→ **ABOUT THIS TASK**
A faithful copy of the data is the goal; set it down exactly, without the images.

→ **RECORDED INFORMATION**
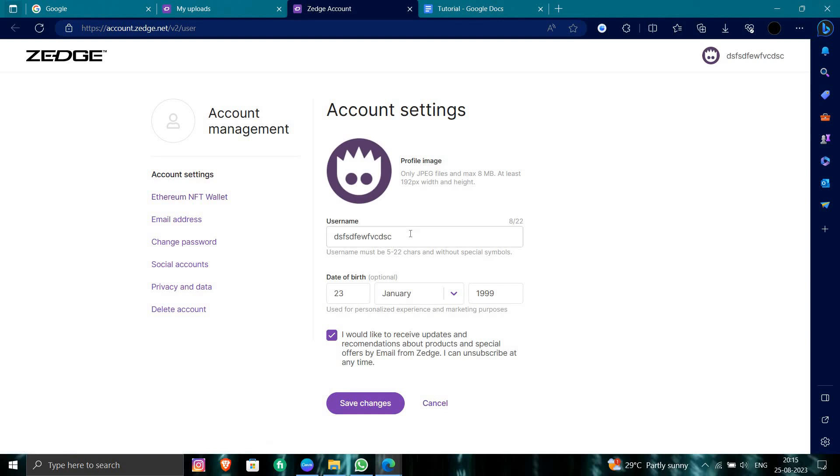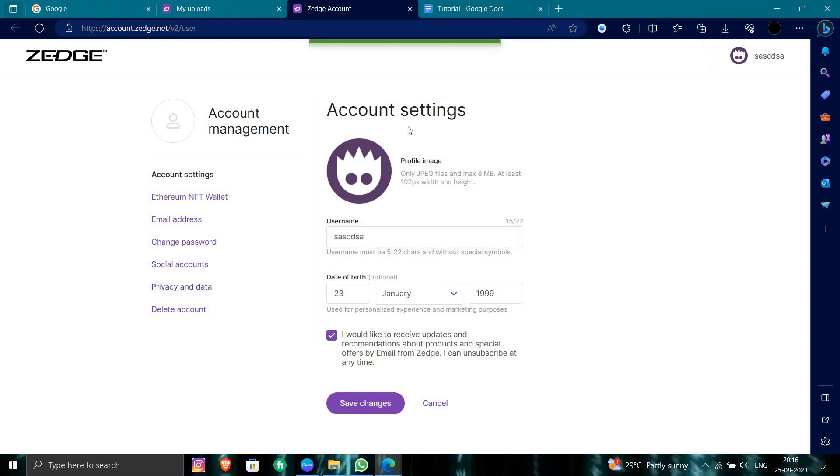At the account settings, you have the option here for the username. You will search for the username that is available. In that case I will save it here. So this is how we can change the username in Zedge.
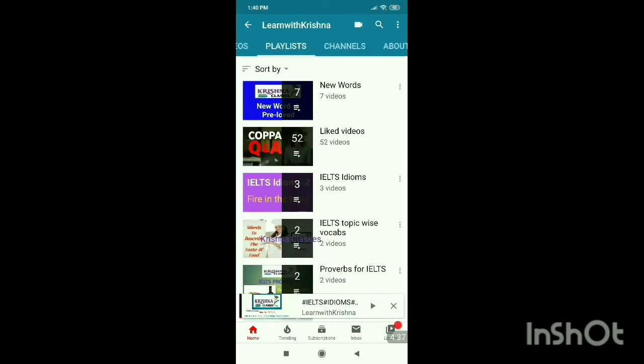Another thing you can do with playlists is create a folder for your videos. If you want to organize your videos like a folder, just give them a playlist name. This makes it easy to find and group related content together.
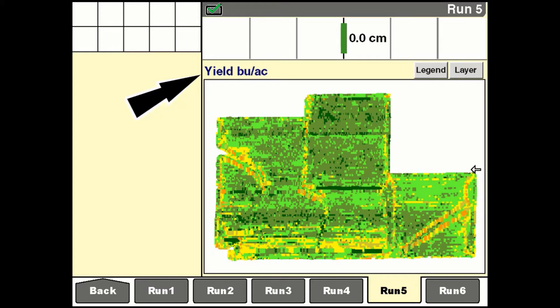For the as-applied application, the legends are unique to each product — whether that be seed, liquid, or granular — and a unique legend can exist for each product used. The legends are part of the crop setup information and can be imported from another vehicle from its data storage device.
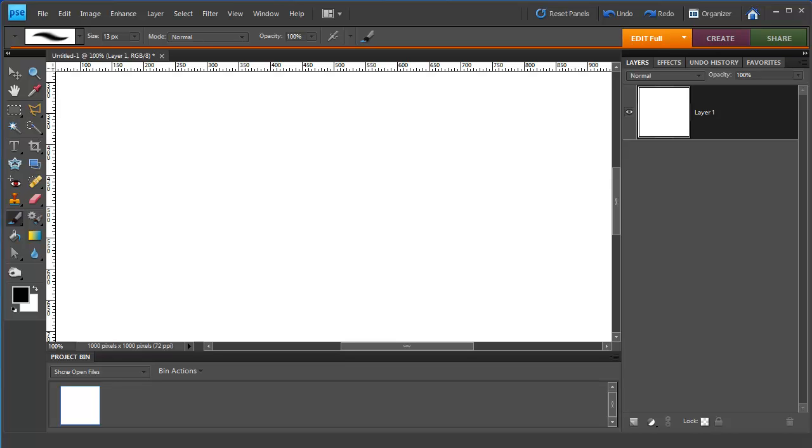Hi, I'm Melissa Shannon from mshannon.com and I'm just going to show you how to load brushes within Photoshop Elements 8.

→ **TASK ANSWER**
At the account settings, you have the option here for the username. You will search for the username that is available. In that case I will save it here. So this is how we can change the username in Zedge.
Another thing you can do with playlists is create a folder for your videos. If you want to organize your videos like a folder, just give them a playlist name. This makes it easy to find and group related content together.
For the as-applied application, the legends are unique to each product — whether that be seed, liquid, or granular — and a unique legend can exist for each product used. The legends are part of the crop setup information and can be imported from another vehicle from its data storage device.
Hi, I'm Melissa Shannon from mshannon.com and I'm just going to show you how to load brushes within Photoshop Elements 8.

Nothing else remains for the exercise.